ACTIVITY: Write out every entry below word for word, leaving nothing out.

AVAILABLE RECORDS:
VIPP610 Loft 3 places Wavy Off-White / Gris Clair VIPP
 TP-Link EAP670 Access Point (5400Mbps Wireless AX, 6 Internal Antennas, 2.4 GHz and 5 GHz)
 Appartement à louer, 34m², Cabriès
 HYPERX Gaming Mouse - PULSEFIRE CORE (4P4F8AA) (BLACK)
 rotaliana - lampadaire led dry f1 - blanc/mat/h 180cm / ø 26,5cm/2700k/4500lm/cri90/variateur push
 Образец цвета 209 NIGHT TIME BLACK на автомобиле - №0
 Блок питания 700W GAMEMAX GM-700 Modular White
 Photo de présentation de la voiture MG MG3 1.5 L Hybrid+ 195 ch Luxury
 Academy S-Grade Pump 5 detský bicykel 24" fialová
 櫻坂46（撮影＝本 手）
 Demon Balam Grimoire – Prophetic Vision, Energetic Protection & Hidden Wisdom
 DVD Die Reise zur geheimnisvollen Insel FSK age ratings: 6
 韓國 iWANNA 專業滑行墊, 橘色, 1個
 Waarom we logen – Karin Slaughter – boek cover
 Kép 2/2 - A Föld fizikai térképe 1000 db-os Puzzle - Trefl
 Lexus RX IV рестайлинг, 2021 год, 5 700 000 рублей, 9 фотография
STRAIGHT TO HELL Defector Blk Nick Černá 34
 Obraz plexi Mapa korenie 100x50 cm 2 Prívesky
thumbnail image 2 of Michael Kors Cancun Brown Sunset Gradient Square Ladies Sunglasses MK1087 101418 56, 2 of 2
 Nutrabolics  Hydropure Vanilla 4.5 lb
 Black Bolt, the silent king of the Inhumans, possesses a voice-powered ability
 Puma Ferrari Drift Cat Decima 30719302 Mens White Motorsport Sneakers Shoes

SOLUTION BELOW:
VIPP610 Loft 3 places Wavy Off-White / Gris Clair VIPP
 TP-Link EAP670 Access Point (5400Mbps Wireless AX, 6 Internal Antennas, 2.4 GHz and 5 GHz)
 Appartement à louer, 34m², Cabriès
 HYPERX Gaming Mouse - PULSEFIRE CORE (4P4F8AA) (BLACK)
 rotaliana - lampadaire led dry f1 - blanc/mat/h 180cm / ø 26,5cm/2700k/4500lm/cri90/variateur push
 Образец цвета 209 NIGHT TIME BLACK на автомобиле - №0
 Блок питания 700W GAMEMAX GM-700 Modular White
 Photo de présentation de la voiture MG MG3 1.5 L Hybrid+ 195 ch Luxury
 Academy S-Grade Pump 5 detský bicykel 24" fialová
 櫻坂46（撮影＝本 手）
 Demon Balam Grimoire – Prophetic Vision, Energetic Protection & Hidden Wisdom
 DVD Die Reise zur geheimnisvollen Insel FSK age ratings: 6
 韓國 iWANNA 專業滑行墊, 橘色, 1個
 Waarom we logen – Karin Slaughter – boek cover
 Kép 2/2 - A Föld fizikai térképe 1000 db-os Puzzle - Trefl
 Lexus RX IV рестайлинг, 2021 год, 5 700 000 рублей, 9 фотография
STRAIGHT TO HELL Defector Blk Nick Černá 34
 Obraz plexi Mapa korenie 100x50 cm 2 Prívesky
thumbnail image 2 of Michael Kors Cancun Brown Sunset Gradient Square Ladies Sunglasses MK1087 101418 56, 2 of 2
 Nutrabolics  Hydropure Vanilla 4.5 lb
 Black Bolt, the silent king of the Inhumans, possesses a voice-powered ability
 Puma Ferrari Drift Cat Decima 30719302 Mens White Motorsport Sneakers Shoes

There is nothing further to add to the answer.